À peine eut-elle achevé cette phrase que des pas précipités annoncèrent aux deux malheureuses la venue des justiciers.

En effet, deux gardes accompagnés d’un prêtre entrèrent dans leur cachot. Ce dernier apercevant la jeune femme aux côtés de la condamnée, crut deviner son immense douleur et les raisons qui la motivaient. Il lui dit :

— Vous êtes sans doute une parente de cette malheureuse enfant. Ne croyez-vous pas qu’il serait préférable de la soustraire au spectacle de votre douleur ? Comprenez combien cette pauvre enfant a besoin de force, d’énergie pour accepter la peine de son crime. Quittez ce cachot, laissez le prêtre apporter à cette âme désemparée, les dernières, les vraies consolations. Résignez-vous malgré sa cruauté à cette séparation définitive… La justice réclame sa vie en punition de sa trahison… Puisez votre force dans la pensée que l’âme la plus vile, la plus coupable, retrouve toujours sa noblesse, sa grandeur devant Dieu et devant les hommes, lorsqu’elle paye la rançon de son crime…

À ces mots, la baronne tressaillit. Convaincue, comme elle l’était, de l’innocence de la jeune fille, il lui paraissait odieux à l’extrême que quelqu’un pût croire à sa culpabilité, malgré tout ce qui la condamnait. Oubliant pour un Instant les sages recommandations de Rita, elle se leva. Fixant d’un regard de haine et de mépris les gardes chargés de l’exécution, elle leur dit :

— Plus vile et plus lâche que le crime dont volontairement cette jeune fille s’est accusée, serait le vôtre, si vous osiez exécuter cette frêle enfant ! Vous deviendriez par cet acte infâme, les bourreaux du sauveur de la Franc… En faisant le sacrifice de son honneur, en s’accusant d’un crime qu’elle n’avait pas commis, elle a sauvé le commandant Jean Desgrives et permis à ses soldats de déclencher cette offensive qui semble promettre une éclatante victoire…

— Prenez garde, dit l’un des gardes, en s’approchant de la baronne. Il y a dans vos paroles quelque chose de terrible ; si vous ne poivrez pas de preuves irrévocables de l’innocence de cette jeune fille, il est préférable pour vous de vous taire ; car chercher à protéger un espion ou un traître à son pays, qui a été Jugé par les autorités et condamné par le peuple, équivaut à une trahison ! Rappelez-vous qu’il n’y a pas de crime ni de lâcheté pour celui qui accomplit son devoir. Ignorez-vous donc que le devoir d’un bon soldat est de respecter les ordres de ses supérieurs même au prix de sa vie ? Croyez-vous aussi que sous son apparence froide et dure, il ne cache pas un cœur qui s’ouvre à la pitié ? Désignés pour conduire cette jeune fille au supplice, nos cœurs se brisent à la pensée qu’elle est un enfant de la France ! Mais nous ne sommes pas ses juges. Pour qu’il soit en notre pouvoir de l’y soustraire, il est indispensable que nous procurions au peuple qui réclame son châtiment, des preuves Irrévocables de son innocence. Si vous possédez ces preuves, nous vous jurons alors de donner même notre vie, s’il le faut, pour protéger cette malheureuse victime.

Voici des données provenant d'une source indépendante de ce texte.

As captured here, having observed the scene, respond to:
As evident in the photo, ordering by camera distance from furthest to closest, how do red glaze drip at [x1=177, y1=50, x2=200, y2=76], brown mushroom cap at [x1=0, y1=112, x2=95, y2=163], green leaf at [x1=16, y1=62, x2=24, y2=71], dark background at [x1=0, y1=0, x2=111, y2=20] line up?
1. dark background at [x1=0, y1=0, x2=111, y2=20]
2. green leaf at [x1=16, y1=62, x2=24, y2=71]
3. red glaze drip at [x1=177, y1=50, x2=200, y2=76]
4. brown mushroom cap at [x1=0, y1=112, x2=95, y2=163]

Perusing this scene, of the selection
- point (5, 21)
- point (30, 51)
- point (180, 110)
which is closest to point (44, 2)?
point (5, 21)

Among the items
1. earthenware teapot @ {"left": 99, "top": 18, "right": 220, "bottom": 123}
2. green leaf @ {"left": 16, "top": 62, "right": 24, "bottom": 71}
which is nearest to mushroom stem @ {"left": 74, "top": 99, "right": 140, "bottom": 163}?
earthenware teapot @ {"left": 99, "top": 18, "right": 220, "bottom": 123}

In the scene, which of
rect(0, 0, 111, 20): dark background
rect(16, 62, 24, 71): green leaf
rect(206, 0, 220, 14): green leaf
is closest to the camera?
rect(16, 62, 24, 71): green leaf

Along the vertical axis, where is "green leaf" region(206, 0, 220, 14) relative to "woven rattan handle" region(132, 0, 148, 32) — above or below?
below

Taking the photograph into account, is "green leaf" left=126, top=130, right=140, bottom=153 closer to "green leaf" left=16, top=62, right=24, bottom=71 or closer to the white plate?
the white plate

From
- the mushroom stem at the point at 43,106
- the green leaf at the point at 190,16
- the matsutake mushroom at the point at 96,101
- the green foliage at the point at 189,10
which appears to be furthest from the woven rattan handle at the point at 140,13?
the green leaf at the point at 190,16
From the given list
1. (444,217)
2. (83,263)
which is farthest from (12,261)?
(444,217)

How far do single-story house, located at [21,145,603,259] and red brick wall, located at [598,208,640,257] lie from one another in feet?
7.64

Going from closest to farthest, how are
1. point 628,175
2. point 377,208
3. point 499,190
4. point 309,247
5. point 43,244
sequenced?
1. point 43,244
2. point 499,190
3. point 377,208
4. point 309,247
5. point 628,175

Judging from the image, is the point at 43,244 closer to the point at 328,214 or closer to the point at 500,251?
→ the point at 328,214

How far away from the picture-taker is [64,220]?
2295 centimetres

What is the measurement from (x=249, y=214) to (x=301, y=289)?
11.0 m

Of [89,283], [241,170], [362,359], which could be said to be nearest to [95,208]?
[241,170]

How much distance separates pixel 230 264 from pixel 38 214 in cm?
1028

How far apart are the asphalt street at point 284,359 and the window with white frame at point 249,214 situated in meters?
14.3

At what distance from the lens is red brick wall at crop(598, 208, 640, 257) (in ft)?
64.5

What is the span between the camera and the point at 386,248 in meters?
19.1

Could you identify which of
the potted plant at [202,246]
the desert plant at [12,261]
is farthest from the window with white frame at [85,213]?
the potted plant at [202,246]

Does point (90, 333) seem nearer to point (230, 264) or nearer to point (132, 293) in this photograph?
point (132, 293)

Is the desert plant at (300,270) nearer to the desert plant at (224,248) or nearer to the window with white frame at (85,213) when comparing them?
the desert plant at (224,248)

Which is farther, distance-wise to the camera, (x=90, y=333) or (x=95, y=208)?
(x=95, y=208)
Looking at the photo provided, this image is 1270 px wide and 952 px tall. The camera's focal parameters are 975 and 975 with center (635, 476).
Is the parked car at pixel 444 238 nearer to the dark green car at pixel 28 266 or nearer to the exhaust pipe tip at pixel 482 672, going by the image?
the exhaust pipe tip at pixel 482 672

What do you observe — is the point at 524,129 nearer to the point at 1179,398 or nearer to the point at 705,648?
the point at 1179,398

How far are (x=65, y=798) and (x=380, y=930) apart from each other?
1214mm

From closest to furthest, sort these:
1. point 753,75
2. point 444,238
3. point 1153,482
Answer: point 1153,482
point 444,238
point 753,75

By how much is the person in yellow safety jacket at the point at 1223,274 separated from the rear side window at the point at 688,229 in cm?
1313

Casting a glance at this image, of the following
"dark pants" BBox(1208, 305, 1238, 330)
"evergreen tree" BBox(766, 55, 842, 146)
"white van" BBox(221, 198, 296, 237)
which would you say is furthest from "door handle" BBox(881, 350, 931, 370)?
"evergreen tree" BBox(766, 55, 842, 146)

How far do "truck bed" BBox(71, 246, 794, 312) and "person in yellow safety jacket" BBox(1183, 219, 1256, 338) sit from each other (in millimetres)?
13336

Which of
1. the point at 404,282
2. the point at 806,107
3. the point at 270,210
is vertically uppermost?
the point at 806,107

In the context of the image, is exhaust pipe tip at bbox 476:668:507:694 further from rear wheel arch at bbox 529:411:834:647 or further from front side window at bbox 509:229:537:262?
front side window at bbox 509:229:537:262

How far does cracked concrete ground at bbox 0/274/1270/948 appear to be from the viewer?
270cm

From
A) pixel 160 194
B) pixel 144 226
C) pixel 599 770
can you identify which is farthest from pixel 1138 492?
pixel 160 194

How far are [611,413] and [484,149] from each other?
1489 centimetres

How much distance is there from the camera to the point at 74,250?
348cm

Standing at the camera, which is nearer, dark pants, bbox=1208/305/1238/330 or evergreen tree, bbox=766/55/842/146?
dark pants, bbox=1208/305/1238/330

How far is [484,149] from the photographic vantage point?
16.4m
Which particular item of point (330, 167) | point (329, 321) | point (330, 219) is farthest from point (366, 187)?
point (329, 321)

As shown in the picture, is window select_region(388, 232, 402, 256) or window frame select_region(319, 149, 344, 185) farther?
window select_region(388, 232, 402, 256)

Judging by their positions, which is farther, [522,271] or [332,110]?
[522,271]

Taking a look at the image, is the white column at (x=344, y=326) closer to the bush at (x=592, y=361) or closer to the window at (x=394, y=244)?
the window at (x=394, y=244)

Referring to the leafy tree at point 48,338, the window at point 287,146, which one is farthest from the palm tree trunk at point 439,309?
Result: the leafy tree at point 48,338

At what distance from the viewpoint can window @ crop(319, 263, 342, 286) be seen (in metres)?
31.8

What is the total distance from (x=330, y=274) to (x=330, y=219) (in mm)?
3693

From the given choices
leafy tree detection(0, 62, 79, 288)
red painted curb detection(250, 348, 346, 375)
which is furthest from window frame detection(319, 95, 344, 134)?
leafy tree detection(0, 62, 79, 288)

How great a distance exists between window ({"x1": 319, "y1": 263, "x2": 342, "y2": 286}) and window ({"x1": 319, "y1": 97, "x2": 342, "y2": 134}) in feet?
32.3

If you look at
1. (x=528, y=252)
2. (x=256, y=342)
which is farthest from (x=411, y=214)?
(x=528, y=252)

Cette fois la baronne chancela sous le coup. C’était bien la dernière espérance qui s’effondrait dans son cœur. Impuissante, elle se laissa guider par le prêtre qui la reconduisit hors du cachot.

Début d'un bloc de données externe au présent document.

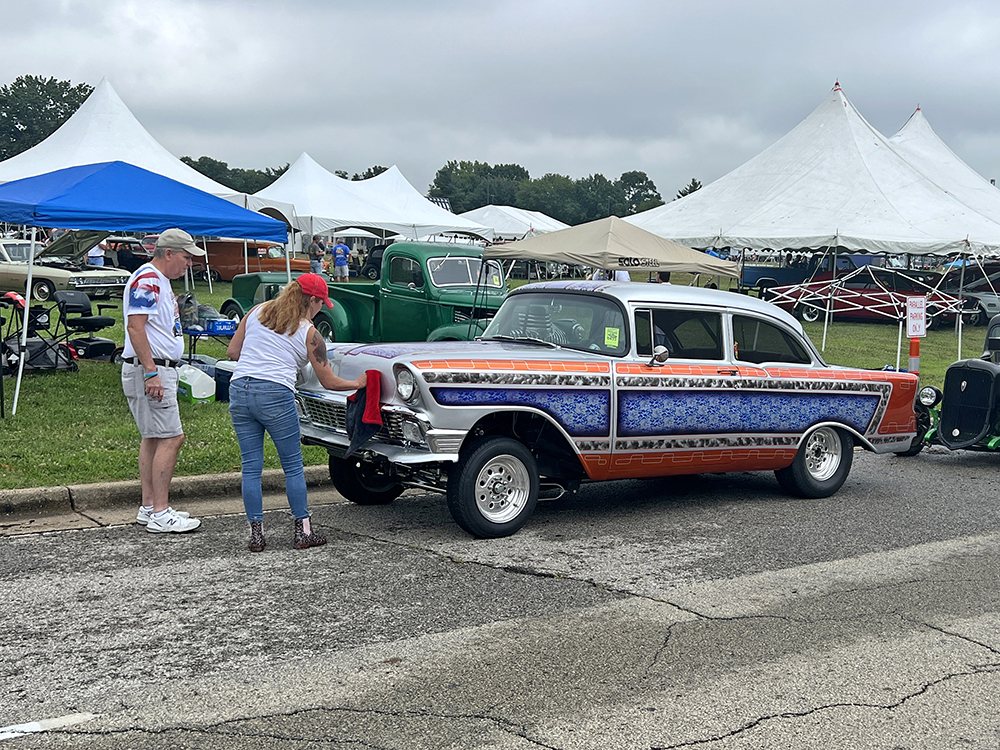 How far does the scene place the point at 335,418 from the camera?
6762 mm

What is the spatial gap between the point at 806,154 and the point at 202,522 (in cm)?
2561

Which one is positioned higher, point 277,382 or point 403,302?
point 403,302

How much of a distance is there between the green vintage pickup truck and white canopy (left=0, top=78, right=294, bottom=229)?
45.4 feet

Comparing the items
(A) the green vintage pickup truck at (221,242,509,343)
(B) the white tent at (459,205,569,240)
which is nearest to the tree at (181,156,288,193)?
(B) the white tent at (459,205,569,240)

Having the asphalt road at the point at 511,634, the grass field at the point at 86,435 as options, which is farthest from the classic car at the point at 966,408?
the grass field at the point at 86,435

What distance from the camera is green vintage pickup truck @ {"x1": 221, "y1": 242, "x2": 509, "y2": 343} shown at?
49.3 feet

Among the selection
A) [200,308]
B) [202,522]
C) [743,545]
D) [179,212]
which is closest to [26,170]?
[200,308]

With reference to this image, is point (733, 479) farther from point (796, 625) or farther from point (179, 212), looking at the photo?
point (179, 212)

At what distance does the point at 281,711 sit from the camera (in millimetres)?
3965

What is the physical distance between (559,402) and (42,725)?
378cm

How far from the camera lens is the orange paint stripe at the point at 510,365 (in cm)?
632

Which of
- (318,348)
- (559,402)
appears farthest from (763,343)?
(318,348)

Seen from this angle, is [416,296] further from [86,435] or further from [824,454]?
[824,454]

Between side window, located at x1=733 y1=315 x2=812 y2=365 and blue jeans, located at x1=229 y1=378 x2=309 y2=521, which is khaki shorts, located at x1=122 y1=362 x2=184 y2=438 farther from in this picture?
side window, located at x1=733 y1=315 x2=812 y2=365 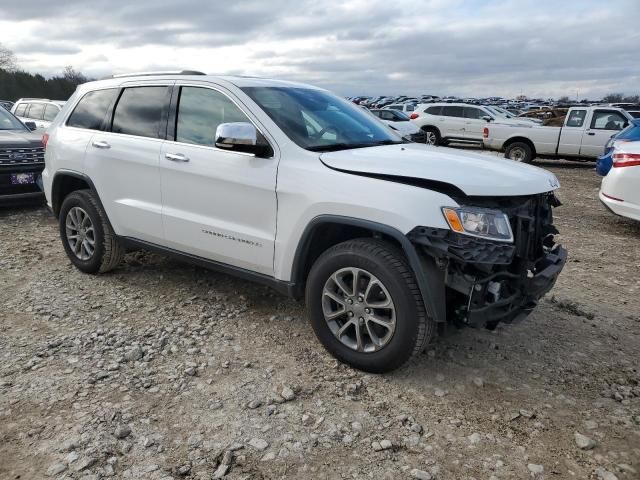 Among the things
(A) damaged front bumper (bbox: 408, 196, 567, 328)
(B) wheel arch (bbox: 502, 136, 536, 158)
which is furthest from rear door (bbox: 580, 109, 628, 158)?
(A) damaged front bumper (bbox: 408, 196, 567, 328)

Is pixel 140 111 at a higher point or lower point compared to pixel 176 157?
higher

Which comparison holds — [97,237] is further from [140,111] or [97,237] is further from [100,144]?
[140,111]

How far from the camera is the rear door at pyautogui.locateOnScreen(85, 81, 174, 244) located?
432cm

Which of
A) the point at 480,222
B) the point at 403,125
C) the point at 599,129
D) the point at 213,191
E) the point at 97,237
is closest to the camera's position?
the point at 480,222

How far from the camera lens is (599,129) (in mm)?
14406

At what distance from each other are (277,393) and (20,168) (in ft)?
20.1

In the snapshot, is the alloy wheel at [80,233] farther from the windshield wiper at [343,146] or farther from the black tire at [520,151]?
the black tire at [520,151]

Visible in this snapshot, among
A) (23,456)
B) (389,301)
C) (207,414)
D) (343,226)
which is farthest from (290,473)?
(343,226)

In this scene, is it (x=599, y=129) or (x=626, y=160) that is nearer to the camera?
(x=626, y=160)

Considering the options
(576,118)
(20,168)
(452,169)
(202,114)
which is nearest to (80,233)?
(202,114)

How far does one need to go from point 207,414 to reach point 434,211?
169 centimetres

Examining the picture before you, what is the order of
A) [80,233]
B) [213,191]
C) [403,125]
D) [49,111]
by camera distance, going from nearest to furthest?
[213,191], [80,233], [49,111], [403,125]

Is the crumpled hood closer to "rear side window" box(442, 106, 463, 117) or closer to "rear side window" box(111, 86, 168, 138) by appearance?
"rear side window" box(111, 86, 168, 138)

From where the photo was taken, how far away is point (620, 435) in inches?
112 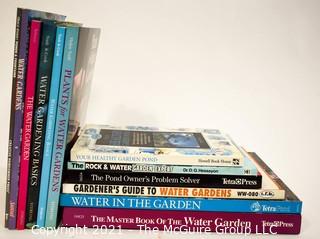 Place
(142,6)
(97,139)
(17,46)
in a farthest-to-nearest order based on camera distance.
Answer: (142,6), (97,139), (17,46)

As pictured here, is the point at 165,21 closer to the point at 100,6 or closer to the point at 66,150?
the point at 100,6

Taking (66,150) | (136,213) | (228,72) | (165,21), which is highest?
(165,21)

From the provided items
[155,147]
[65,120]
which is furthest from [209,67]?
[65,120]

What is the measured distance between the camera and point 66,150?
75 centimetres

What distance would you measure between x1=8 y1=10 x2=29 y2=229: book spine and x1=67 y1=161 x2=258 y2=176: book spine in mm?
96

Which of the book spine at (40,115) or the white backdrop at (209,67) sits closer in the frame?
the book spine at (40,115)

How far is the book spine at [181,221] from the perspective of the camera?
752 millimetres

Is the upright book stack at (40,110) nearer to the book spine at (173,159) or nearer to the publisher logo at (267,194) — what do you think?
the book spine at (173,159)

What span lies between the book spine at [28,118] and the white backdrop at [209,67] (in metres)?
0.52

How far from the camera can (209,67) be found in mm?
1243

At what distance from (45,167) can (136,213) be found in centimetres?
19

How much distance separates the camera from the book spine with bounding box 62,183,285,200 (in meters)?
0.75

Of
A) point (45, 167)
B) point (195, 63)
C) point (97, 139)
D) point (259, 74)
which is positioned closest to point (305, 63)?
point (259, 74)

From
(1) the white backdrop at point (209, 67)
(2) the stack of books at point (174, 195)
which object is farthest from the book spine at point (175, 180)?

Le religieux qui comprenait son profond désespoir, voulant à tout prix l’empêcher de commettre quelques graves imprudences, referma soigneusement la porte de la chambre où il venait de la reconduire, rendant impossible par ce moyen toute évasion que pouvait lui suggérer son dévouement à l’égard de la condamnée.

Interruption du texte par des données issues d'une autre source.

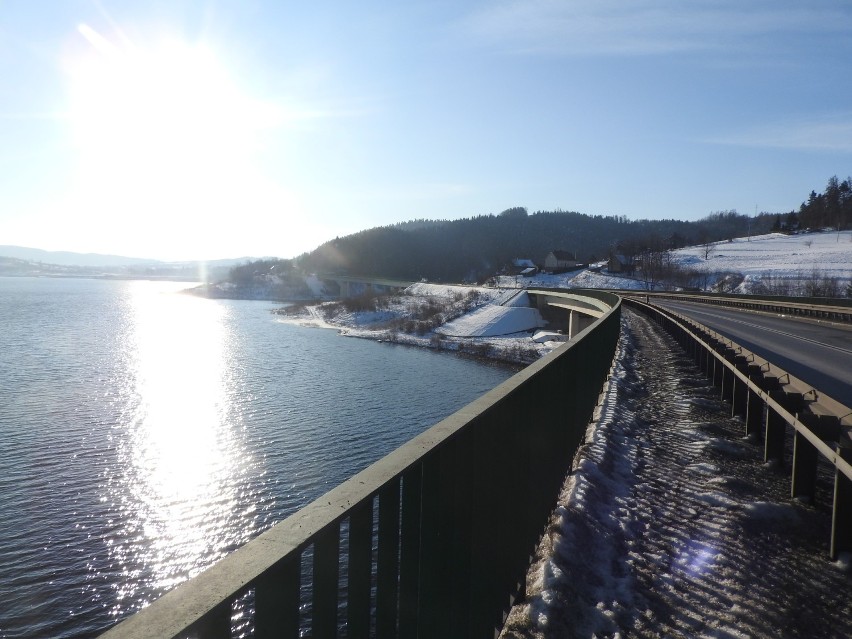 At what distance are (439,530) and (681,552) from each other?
119 inches

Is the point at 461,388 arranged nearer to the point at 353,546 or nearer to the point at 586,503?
the point at 586,503

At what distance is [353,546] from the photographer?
2.17m

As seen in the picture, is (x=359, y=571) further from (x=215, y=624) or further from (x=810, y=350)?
(x=810, y=350)

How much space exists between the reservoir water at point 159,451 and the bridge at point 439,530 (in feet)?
32.6

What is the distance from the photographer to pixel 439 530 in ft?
9.37

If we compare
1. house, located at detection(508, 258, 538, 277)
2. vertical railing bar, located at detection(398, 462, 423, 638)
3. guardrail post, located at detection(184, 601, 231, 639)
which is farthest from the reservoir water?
house, located at detection(508, 258, 538, 277)

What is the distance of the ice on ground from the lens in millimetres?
60625

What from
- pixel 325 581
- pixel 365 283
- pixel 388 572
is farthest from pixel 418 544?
pixel 365 283

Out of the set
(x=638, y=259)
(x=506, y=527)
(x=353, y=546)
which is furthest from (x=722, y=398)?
(x=638, y=259)

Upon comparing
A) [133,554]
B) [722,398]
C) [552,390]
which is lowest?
[133,554]

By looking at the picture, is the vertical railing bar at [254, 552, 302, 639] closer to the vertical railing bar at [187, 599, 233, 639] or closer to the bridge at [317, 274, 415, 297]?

Soutenue par les deux gardes, Rita s’avança bravement vers le supplice qui l’attendait. Lorsqu’elle apparut devant le peuple, les cris de menace et de haine cessèrent aussitôt. Ce corps frêle que la mort avait déjà frôlé de son aile, inspira en cet instant suprême une profond pitié. Appuyée à une muraille de pierre face aux soldats et à la foule, Rita, un instant, détacha son regard du petit Christ d’ivoire qui avait ranimé sa force et son courage, regarda tristement ces gens affolés qui l’entouraient et des larmes brûlantes coulèrent sur ses Joues pâlies… Feu !, cria, d’une voix puissante, le soldat chargé de l’exécution ! Au même instant, une détonation retentit ! Le corps de Rita, comme un faible roseau, s’abattit sur le sol. L’ange de la mort venait de terrasser le sauveur de la France.